**Work task**
Transcribe verbatim every line from the line containing "this 1275×952 image." to the end of the entries, including both endpoints. Output nothing beyond those lines.

======== Input data

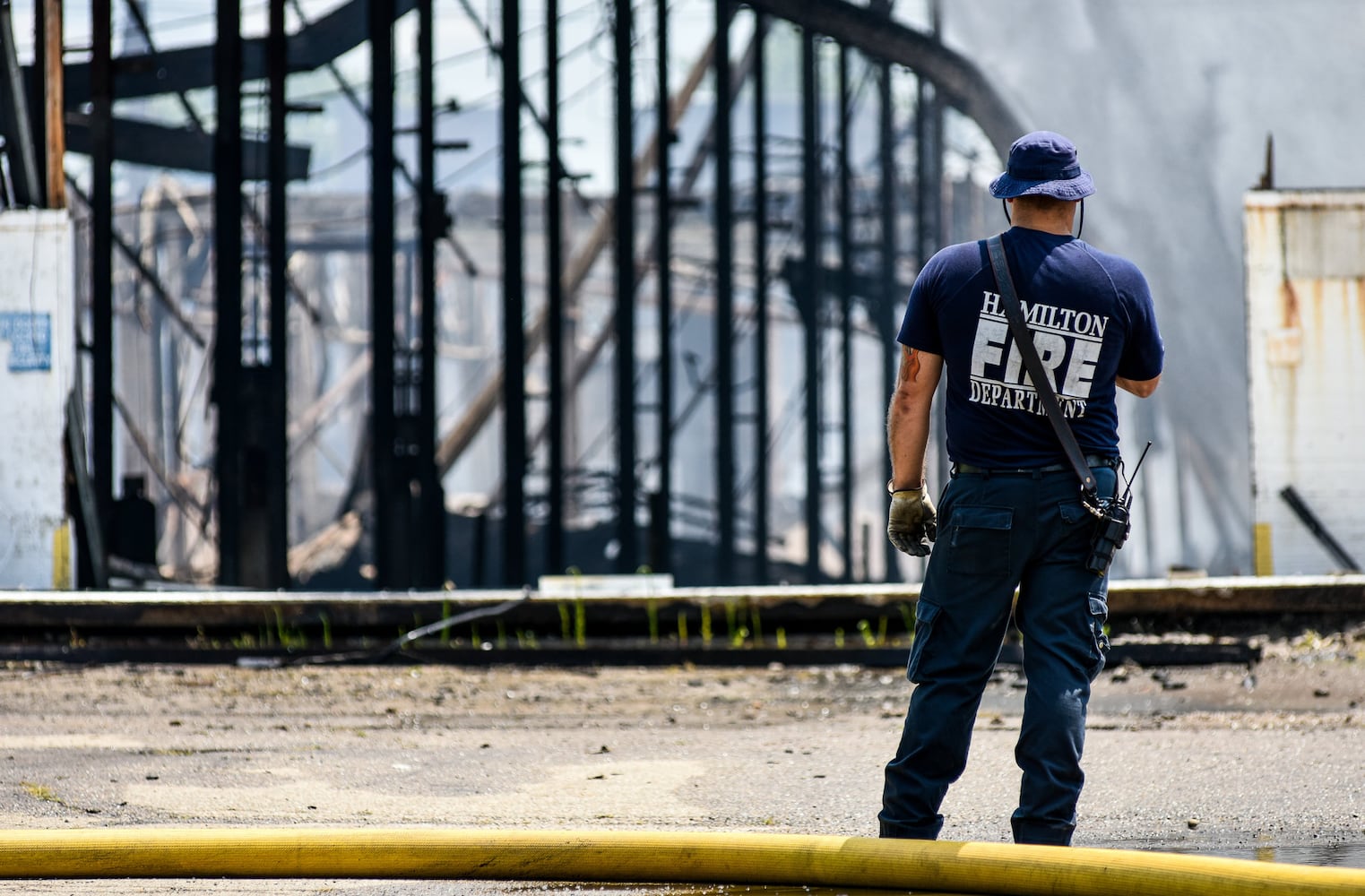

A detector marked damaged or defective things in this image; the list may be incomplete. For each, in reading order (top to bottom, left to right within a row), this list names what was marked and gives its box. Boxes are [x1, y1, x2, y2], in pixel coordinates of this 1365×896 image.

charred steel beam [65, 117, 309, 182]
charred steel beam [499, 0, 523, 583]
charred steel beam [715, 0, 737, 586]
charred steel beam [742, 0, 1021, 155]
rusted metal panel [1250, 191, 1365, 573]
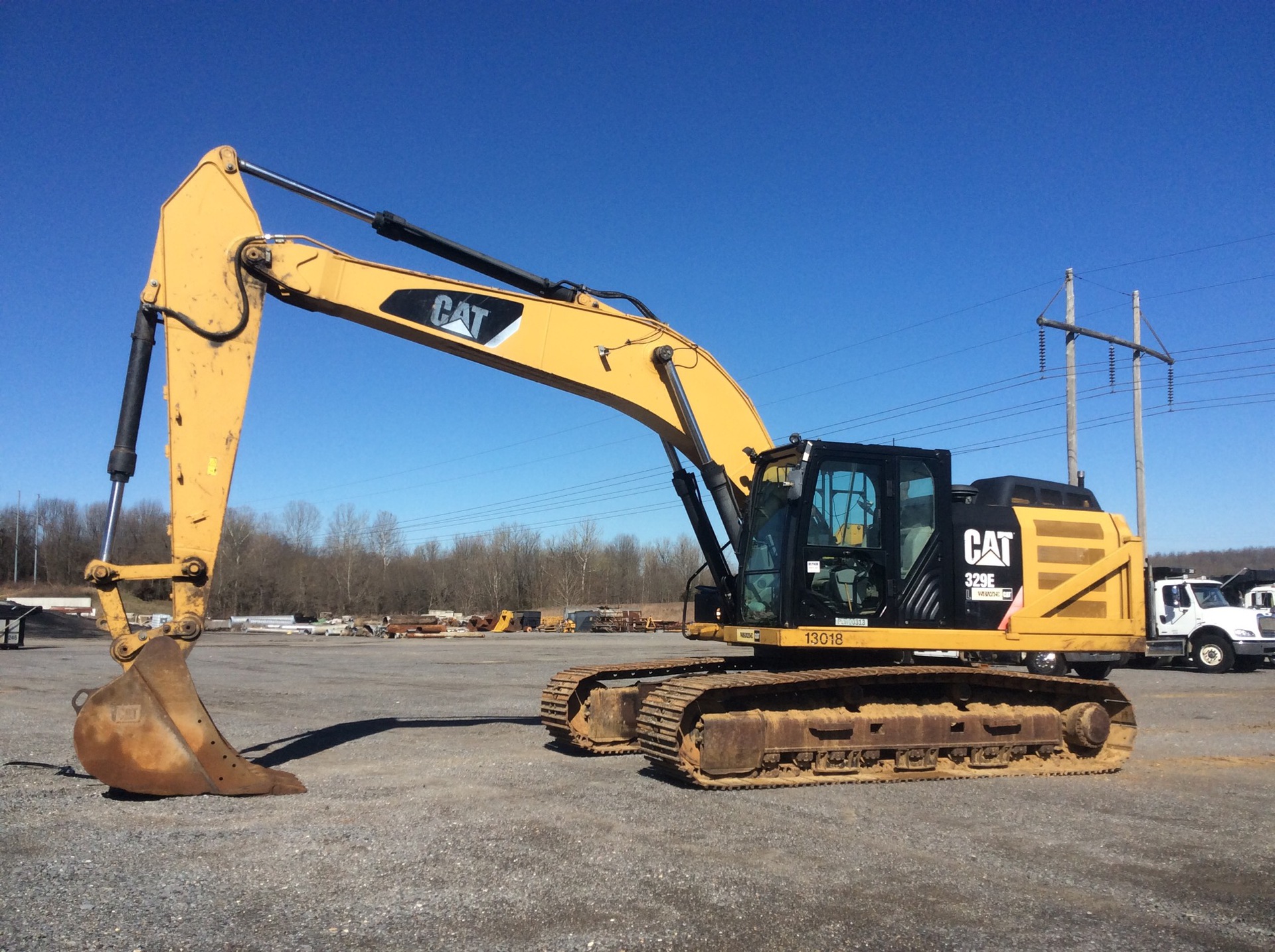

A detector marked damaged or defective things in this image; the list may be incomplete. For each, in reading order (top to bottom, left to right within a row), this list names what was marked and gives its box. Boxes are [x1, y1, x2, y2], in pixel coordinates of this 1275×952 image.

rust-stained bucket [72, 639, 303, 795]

================

**Task result**
A detector marked damaged or defective things in this image; the list may be incomplete. For each, in reading order (top to bottom, left to right within a row), this list names what was marked and gives its box. Boxes are [x1, y1, x2, y2], in pixel coordinates of this 1275×952 image.

rust-stained bucket [72, 639, 303, 795]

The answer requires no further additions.